Tentative de typologie des citations dans les publications. L’impact scientifique d’un article sur la recherche est souvent mesuré selon le nombre de ses citations par d’autres chercheurs. Cette pratique est réductrice puisqu’un article peut être repris pour de nombreuses raisons. La citation peut être neutre et reprendre uniquement la méthodologie employée ou même négative et constituer une critique de l’article original. Il serait intéressant de pouvoir identifier facilement pourquoi un article est cité. Dans cette optique, le Journal of Cheminformatics a lancé il y a deux ans le projet CiTO pour l’adoption d’une pratique consistant à annoter les citations avec leurs intentions. Le chercheur devait caractériser chaque citation sous forme de texte supplémentaire annexé à chaque entrée bibliographique. La méthodologie du projet est détaillée dans cet article. Le journal fait le bilan de cette expérience deux ans plus tard et montre qu’elle a suscité l’intérêt de nombreux chercheurs et pourrait être appelée à se développer. Elle fait d’ailleurs écho à d’autres initiatives de ce type, comme Scite.ai par exemple.
La mauvaise gestion des données et intégrité de la recherche. Les mauvaises pratiques de recherche (falsifications, fraudes, fabrication de résultats) sont souvent liées à une absence de gestion des données comme l’indique cet article. Le lien entre les deux n’est pourtant pas toujours clairement identifié. Cette étude se donne pour objectif de montrer l’impact d’une mauvaise gestion des données sur la recherche scientifique. Cette prise de conscience devrait permettre d’établir des politiques institutionnelles afin d’en limiter les effets.
Guides et ressources
Nouvelles ressources DoRANum. À partir de février, la plateforme DoRANum propose deux nouvelles ressources. Quel(s) outil(s) de rédaction de plan de gestion de données utiliser ?, un comparatif détaillant les avantages et les limites de trois outils de rédaction de plan de gestion de données : DMP OPIDoR, Argos, Data Stewardship Wizard. La visualisation des données : quelques exemples, exemples d’entrepôts de données incluant la visualisation, ainsi que des outils permettant de visualiser les données.
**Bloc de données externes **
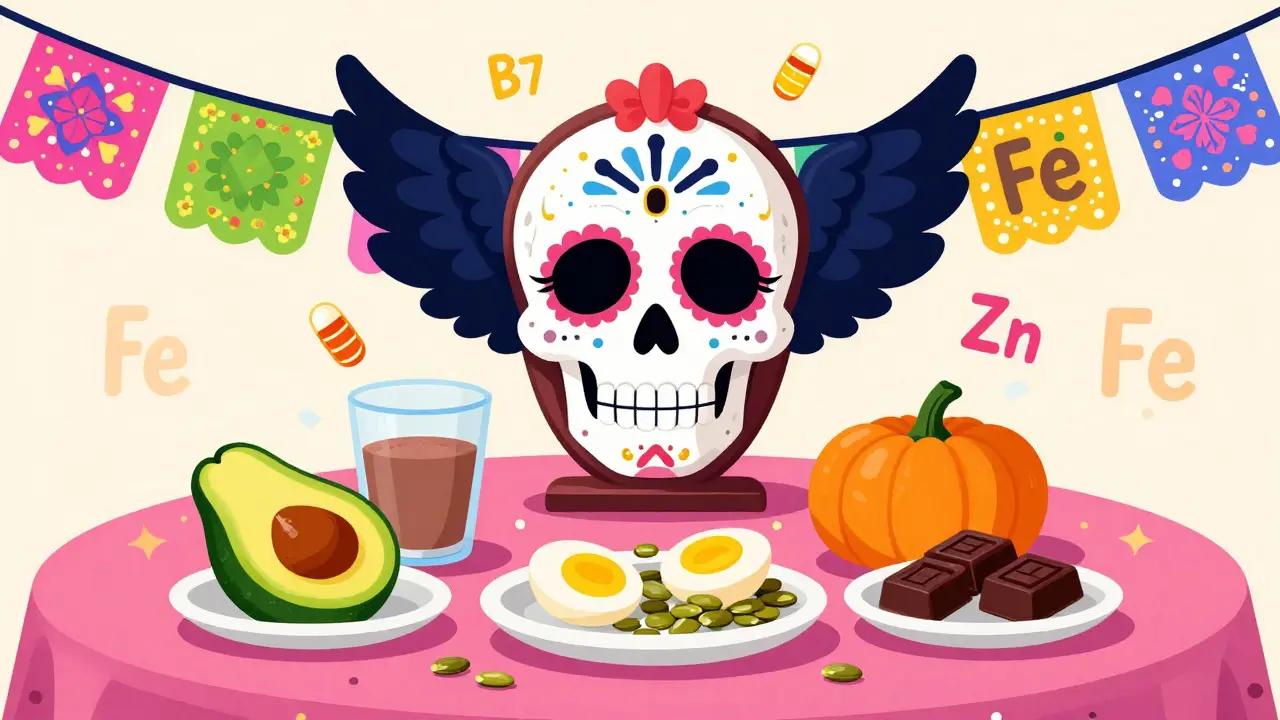 На алтаре — продукты для роста ресниц, над зеркалом-черепом взлетают длинные ресницы как крылья.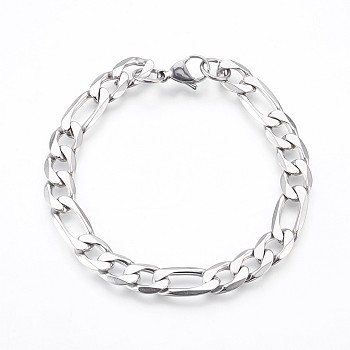 304 Stainless Steel Figaro Chain Bracelets, with Lobster Claw Clasps, Stainless Steel Color, 8-1/8 inch(20.7cm), 8.5mm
Guide d’application de la Loi pour une République numérique pour les données de la recherche. Le Ministère de l’enseignement supérieur et de la recherche vient de publier sur son site Ouvrir la science ! un guide visant à proposer des recommandations pour l’application de cette loi : les conditions de dépôt des publications en archive ouverte et les modalités de diffusion et de réutilisation des données de la recherche.
Faire entrer la science ouverte dans son projet ANR. Le groupe de travail Science Ouverte-Données du consortium Couperin vient de publier un guide permettant aux chercheurs de prendre en compte les enjeux de la science ouverte dès la phase de montage de leur projet. Il est en effet souvent plus difficile de partager les données de recherche si les conditions de diffusion n’ont pas été anticipées en amont. Ce guide reprend étape par étape les éléments de la proposition détaillée à fournir à l’ANR et propose des préconisations et conseils pour diffuser les données le plus largement et facilement possible.